SSIS: living in a parallel world? Not yet...

Today I come into a nice bug (misfeature?) of SSIS 2008 and I'd like to share it with you. Let's start from the beginning:

One of the keys to make something speedy is to parallelize it. In TableDifference I read from two inputs, compare them and produce several outputs for new, deleted, updated rows and so on. It is the classical "produce/consumer" paradigm that works fine in parallel, creating a consumer thread that compares rows and different threads to produce them.

During the porting of the component in SQL 2008 I discovered that my code does not work as expected.

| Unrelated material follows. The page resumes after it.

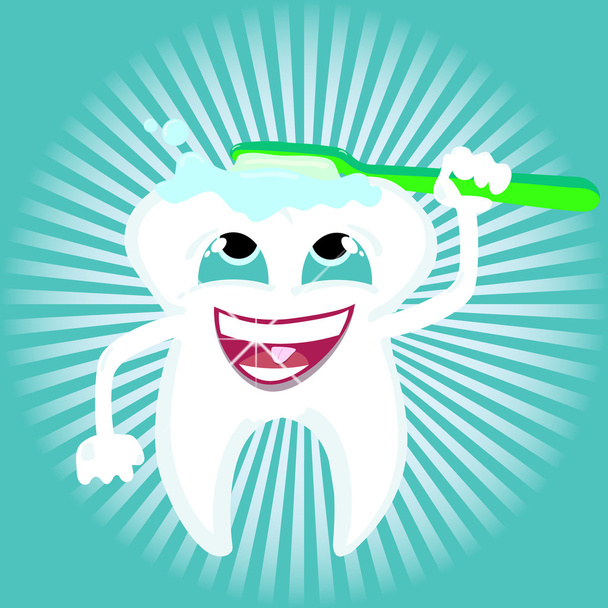 Zahnpflege Gesundheit - Vektor, Bild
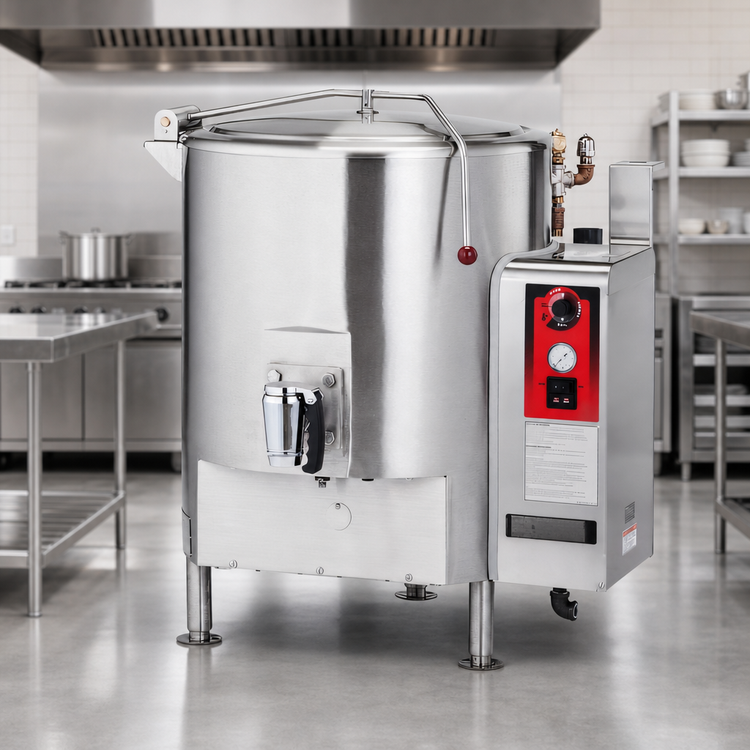 Product image #5 for Vulcan Fully Jacketed 150-Gallon Direct Stationary Steam Kettle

It reads all the lines, then terminates abnormally without producing a single row of output. It took me a couple of hours and several coffes to discover the change in the way SSIS handles asyncronous components causing my bug.

In order to make the problem easier to understand (for microsoft connect too), I produced the same behaviour with a much simpler script component. Imagine to have a script transformation that needs to make some very complex work on each row. You will end up with something like this:

    public override void Input0_ProcessInputRow(Input0Buffer Row) {
        Output0Buffer.AddRow();
        Output0Buffer.LineID = VeryComplexFunction(Row);
        if (Row.EndOfRowset ()) {
           OutputBuffer.SetEndOfRowset ();
        }
    }

But, if you have a 64 CPU computer. You can imagine to detach many threads, each one handling just one very complex function, in this way you will produce a massive parallel computation. Wow! The solution to get maximum speed would be this:

    public override void Input0_ProcessInputRow(Input0Buffer Row) {
        Thread T = new Thread(SendAsyncRow);
        T.Start(Row.EndOfRowset());
    }

    public void SendAsyncRow(Object O) {
        Output0Buffer.AddRow();
        Output0Buffer.LineID = VeryComplexFunction();
        if ((bool)O == true) {
            Output0Buffer.SetEndOfRowset();
        }
    }

You detach a separate thread for each row, the thread will compute the very complex function and send it to the output buffer as soon as it is ready. In order to make SSIS understand when everything is finished, you signal SetEndOfRowset in the last thread.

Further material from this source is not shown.